Défaut de jeunesse, la clarté à l’action – magnifiée par une prise de son qui détaille tout, au point de masquer les effets de contrechamps, de lointains, de brumes ou d’échos-, reste trop explicite quand c’est le voile de la sehnsucht qui s’épaissit irrévocablement selon la pensée schubertienne. Même l’énoncé de l’Adagio est trop manifeste : pas assez de pudeur rentrée, de finesse allusive dans ce clavier tranchant et vif : la partition composée à l’extrême fin de la vie du compositeur, deux mois avant sa mort (à 31 ans), s’affirme irrémédiablement dans cet abandon, repli et renoncement où le gouffre noir est bel et bien présent. La couleur de la fin, cette atténuation qui tend à l’évanescence est tout à fait absente de la lecture de Louis Schwizgebel qui même se montre d’une âpreté tendue ici : résistance à l’inéluctable offrant a contrario de bien des lectures, une expression qui certes ayant du relief, ne manque pas de caractère, comme d’intelligence, mais finit par nous
agacer à force d’être manifeste. L’écoulement plus libre du Menueto, – fugace, impose une vision claire. Et l’Allegro final n’est que bavardage, avec une belle caractérisation des séquences mais sans trouble aucun ; notre verdict tombe après écoute de ce première tableau : c’est un exercice technique admirable de fluidité mais qui n’exprime pas grand
chose : le jeune pianiste grandement estimé dans ses Concertos pour piano de Saint-Saëns, semble demeuré à l’extérieur du mystère de Schubert.

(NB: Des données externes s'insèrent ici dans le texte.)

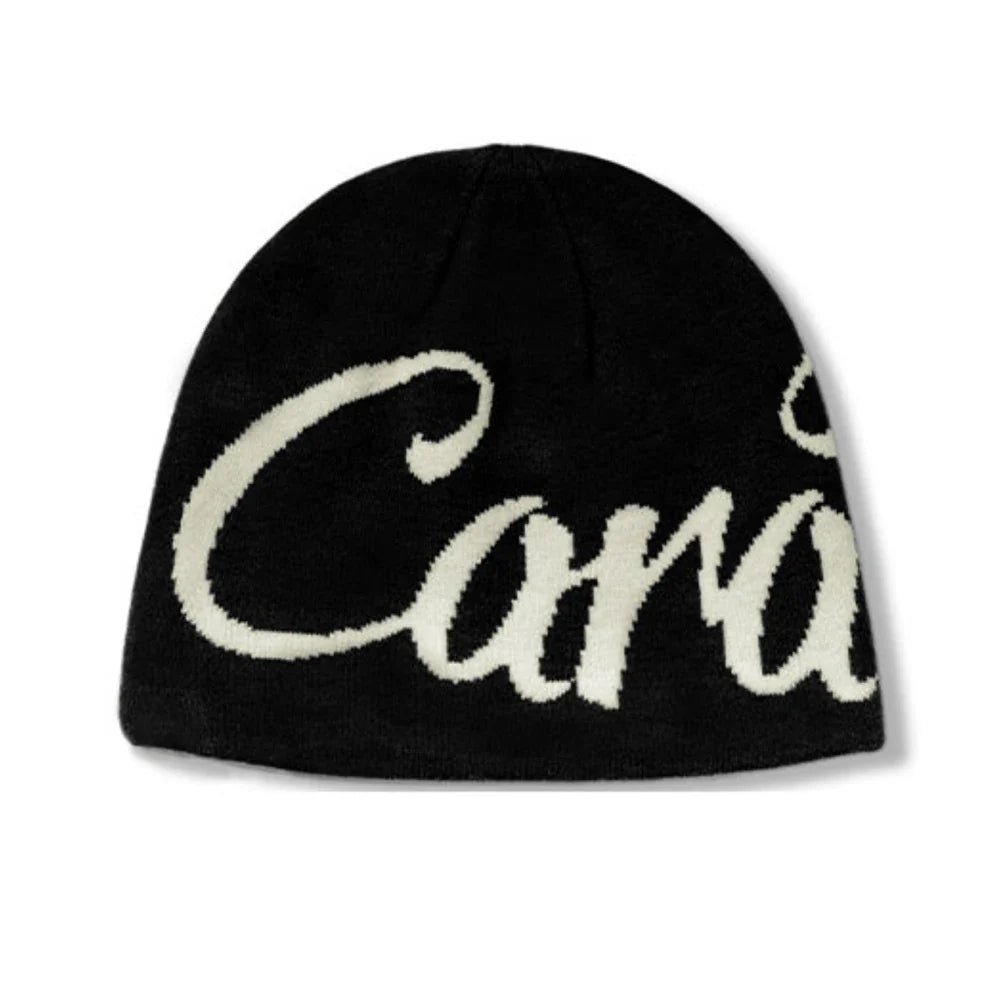 Black Wool Jacquard Letter Beanie Hat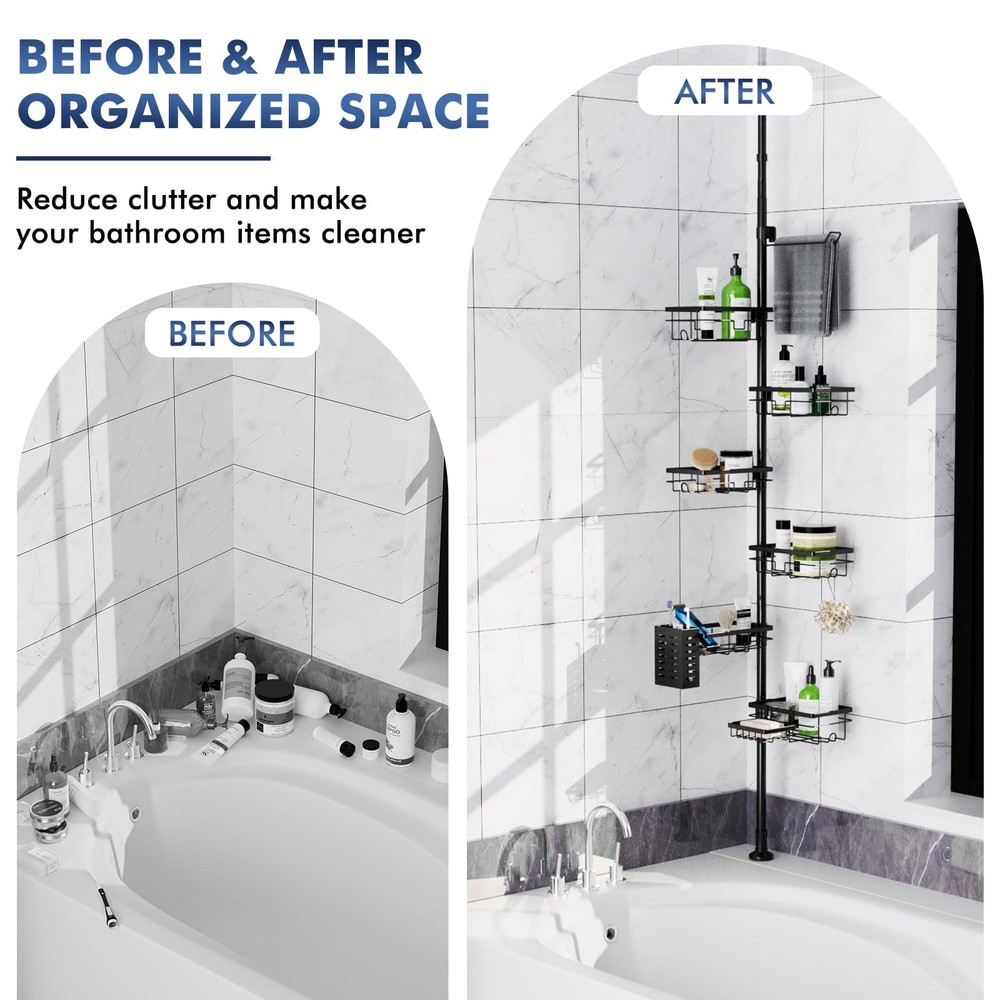 7-Tier Shower Caddy Organizer Tension Pole, Rustproof Corner Shelf for Bathroom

Qu’en est-il de la seconde Sonate ? La D 845 (1826) en la mineur nage en eaux plus inquiétantes encore… avec le premier motif lové au cœur d’une intimité qui se dérobe à chaque énoncé. D’une coloration liquide, plus suggestive quoique grave et profonde, le jeu du pianiste atteint davantage de vérité, de détachement énigmatique à chaque exposition / réexpédition du thème. Moderato, le mouvement initial impose d’emblée avec éclat, un jeu murmuré qui sait enfin exprimer les gouffres schubertiens. A l’énoncé central du lied (Totengräben Heimwehe / La Nostalgie du fossoyeur), l’atmosphère funèbre s’installe inéluctablement… pourtant encore une dureté et une violence d’expression, se rangent et s’affirment outrageusement, franchement dans l’énergie de la résistance, de la souffrance, de l’inacceptation. L’Andante résonne comme un monologue faussement enchanté et insouciant… et le Rondo, pièce capitale car elle libère de toutes les tensions accumulées auparavant, affecte un brio systématique qui il est vrai témoigne du superbe nerf technicien de l’interprète, mais refuse toute intériorité trouble, toute médiation ambivalente.
Ce poli pétaradant confine en définitive au contre sens. Non, Louis Schwizgebel, étranger à tout mystère, et toute ombre mélancolique, n’est pas Schubertien. Tout au moins dans ces 2 Sonates. Notre déception est grande. Nous attendions trop certainement d’un pianiste pourtant prometteur. N’est pas Benjamin Grosvenor qui veut ! Son touché reste quant à lui, hypnotique. Concernant Louis Schwizgebel, on se reportera à son excellent disque Saint-Saëns, enregistré en 2014 et 2015 : un must absolu.
CD. Compte rendu critique. Schubert : Sonates D 845 & 958. Louis Schwizgebel, piano (1 cd Aparté) — enregistré en mars 2016 à Paris.